Classical Editor: Rob Barnett                               Music Webmaster Len Mullenger: Len@musicweb-international.com


Romualds KALSONS
(1936-)
Violin Concerto (1978)
Cello Concerto (1970)
Symphonic Variations for piano and Orchestra (1978)
Valdis Zarins (violin)
Agnese Rugevica (cello)
Janis Zilbers (piano)
Latvian National SO/Terje Mikkelsen
rec Riga, April-Oct 1999
SIMAX PSC1213 [72.33]
Crotchet
 

Kalsons, a pupil of Adolfs Skulte (himself a neglected lyrical symphonist of the first rank - there are nine Skulte symphonies), is a prolific composer who has written music in every genre. I do not know any of his other music but going by these concertante works Kalsons is no anonymous purveyor of fashion-victim trendiness. His music has substance, dissolute caprice and colour.
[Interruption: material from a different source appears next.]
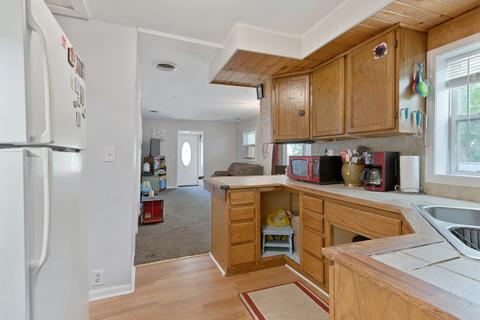 338 Willow Rd, Lakemoor, IL 60051 photo 12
Kalsons' Baltic fantasy flashes and crackles like nightmare lightning. In the violin concerto the music progresses through four movements with an air of desperate excitement. Think in terms of a razor wire update of the witchery of Prokofiev's First Violin Concerto crossed with the remorseless sprint of the finale of Khachaturian's concerto and in the finale we even get a rumba 'engine-beat'. Of course the andante does provide a let-up but this is an elegy over the sort of blasted landscape which Stravinsky created for The Rite of Spring. At 6.13 [3] life returns in a sparkling violin dance amid birdsong rising to two grand orchestral statements.

The single movement Symphonic Variations is contemporaneous with the violin concerto. Brightly imagined romantic music with a stony and dark undertow like a stress corroded version of Nights in the Gardens of Spain and Totentanz again with high piping bird calls. This is like de Falla crossed with Lutoslawski and with the lyrical weave of the Adolfs Skulte symphonies.

The Cello Concerto is much earlier and shares with the other works orchestration in restless motion. It lacks the lyrical pabulum of the violin concerto being more obviously preoccupied with the metallic collision and violently clashing masses typical of many Polish works of the 1960s and 1970s.

Music of cold and captivating brilliance. Highest recommendation.